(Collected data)
────────

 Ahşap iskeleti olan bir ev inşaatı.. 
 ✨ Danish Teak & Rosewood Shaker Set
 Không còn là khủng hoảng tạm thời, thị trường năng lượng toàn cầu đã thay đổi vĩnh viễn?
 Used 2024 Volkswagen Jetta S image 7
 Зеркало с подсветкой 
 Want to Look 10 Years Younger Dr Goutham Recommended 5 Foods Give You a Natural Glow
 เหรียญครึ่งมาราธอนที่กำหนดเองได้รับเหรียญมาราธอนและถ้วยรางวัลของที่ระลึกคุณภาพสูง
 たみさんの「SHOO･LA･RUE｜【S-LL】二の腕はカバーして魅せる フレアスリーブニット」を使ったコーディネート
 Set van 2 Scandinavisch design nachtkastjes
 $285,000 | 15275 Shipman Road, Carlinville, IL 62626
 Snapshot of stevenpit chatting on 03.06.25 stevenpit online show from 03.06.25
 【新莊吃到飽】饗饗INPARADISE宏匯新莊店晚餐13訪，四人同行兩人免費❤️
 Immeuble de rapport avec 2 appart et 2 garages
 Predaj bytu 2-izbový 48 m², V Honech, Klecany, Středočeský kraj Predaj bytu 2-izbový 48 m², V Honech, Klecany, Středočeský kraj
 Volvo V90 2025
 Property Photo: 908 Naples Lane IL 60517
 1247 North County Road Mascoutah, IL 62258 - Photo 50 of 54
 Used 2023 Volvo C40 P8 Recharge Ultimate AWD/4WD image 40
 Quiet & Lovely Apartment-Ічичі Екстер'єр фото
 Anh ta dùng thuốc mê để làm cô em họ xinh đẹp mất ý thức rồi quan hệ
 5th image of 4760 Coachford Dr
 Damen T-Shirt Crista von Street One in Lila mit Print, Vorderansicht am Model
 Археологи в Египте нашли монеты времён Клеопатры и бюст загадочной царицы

────────

## Task description:
Your answer should hold exactly the lines from the one containing "Anh ta dùng" to the last line of the data, both included, and no others.

## Output of the task:
 Anh ta dùng thuốc mê để làm cô em họ xinh đẹp mất ý thức rồi quan hệ
 5th image of 4760 Coachford Dr
 Damen T-Shirt Crista von Street One in Lila mit Print, Vorderansicht am Model
 Археологи в Египте нашли монеты времён Клеопатры и бюст загадочной царицы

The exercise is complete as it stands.